Pete looked again at the baby and at the fluctuating red figures on the monitor, and Emma couldn’t help doing the same. The heart rate, respiration and oxygen saturation all showed up on screen at a glance. The baby’s nappy was as small and flat as an envelope. The little hat covered the whole of her tiny head, and her face looked as crumpled and ancient and inscrutable as that of an Eastern mystic.
‘Should we start trying for a bed in Sydney or Melbourne straight away?’ Pete muttered. He might have been talking to himself. ‘On paper, we’ve got the facilities and the staff. I’m glad I called in Nell.’
‘She’s good,’ Emma agreed.
So was he. Thorough and caring and imaginative in his approach. He wasn’t afraid to try something new, or to go out on a limb.
He was way out on a precarious one right at this moment, putting Rebecca’s chance to bond with her baby on a par with the baby’s potential need for a higher level of care. On the other hand, skin-to-skin human contact had been shown in repeated studies to be as physically important to a premmie’s development as oxygen, medication and specialist expertise.
He looked up.
‘Sorry. I’m still e-mailing you.
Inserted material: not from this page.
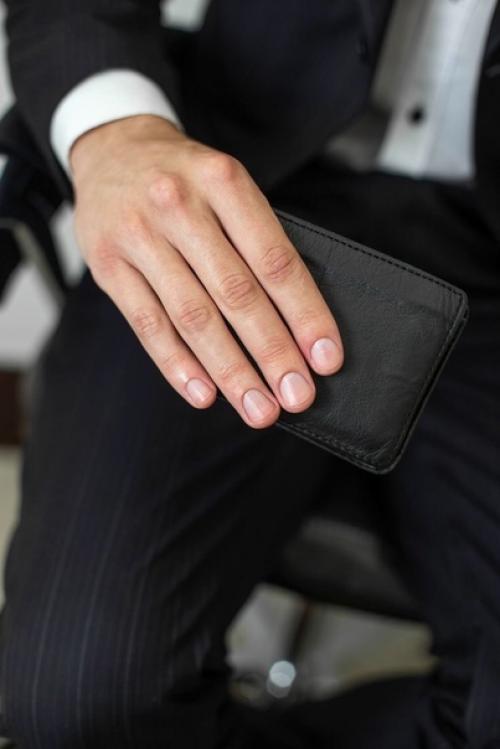 Чем отличается мужской маникюр от женского? 01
Only verbally this time.’ He grinned, and there was a warm glint in his brown eyes that she responded to at once with a laugh.
‘Are you?’
‘That doesn’t make sense,’ he conceded. ‘But it was nice, Emma. Did I say that?’
‘You said it was a slice of paradise. My house. In your card, I mean.’ Emma cleared her throat. ‘You didn’t specifically mention the e-mails.’
She felt absurdly self-conscious beneath the warm wash of his words. In the confined space, they were standing closer than she felt comfortable with. It was ridiculous to be so aware of him, to feel this sense of closeness and this sense of knowing him, which was based on such a thin foundation.
‘Well, the e-mails were good,’ he said. ‘They helped.’
Emma blurted, ‘Is it Claire? Is that why you’re looking so stressed?’ Then could have cut out her tongue. He’d said nothing to encourage her to ask such a personal question. It was all coming from her.
He sighed, then muttered, ‘Yes, of course it’s Claire.’
‘I’m sorry, you don’t have to—’
‘I thought that we were in the home stretch.’ His mouth tightened and turned down. He spoke in a low, rapid way, and didn’t look at her. ‘We had decisions made and arrangements worked out. I thought. But Claire’s thrown that to the four winds, and I would have done so even if she hadn’t, because of the way she’s been behaving. I don’t know what’s wrong with her.’
He stopped, and looked up suddenly, with a ravaged expression that struck Emma to the heart. She felt the same need to touch him that had tingled in her fingers before. The same need to smooth out those creases around his eyes and softly stroke the brown skin at the back of his neck, to press his lips with her fingertips until they relaxed, and to tell him everything would be all right.
‘Oh, Pete!’ she said. It was heartfelt, but so inadequate.
‘I haven’t talked to anyone about this.’ His eyes were narrowed, and glittered with fatigue. ‘I don’t know why I’m talking to you.’ He gave a short laugh. ‘Because you’re listening, I guess. Because you asked. You were here at the right moment, basically. The wrong moment, perhaps.’
‘I shouldn’t have asked. I’m sorry.’
‘No, it was fine. Only now I’m not offering you much choice about listening to a far more detailed reply than you wanted.’
‘I-it’s fine, Pete,’ she stammered, echoing the same word he’d used—safe and vague. ‘I’m happy—that is, I want to listen. If it’s a help.’
‘I’m petitioning for sole custody. Please, don’t talk to anyone about this!’
‘As if I would!’
He glanced around to check that the door was closed and that they were fully alone.
‘Couldn’t find a house I liked as much as yours,’ he said quietly.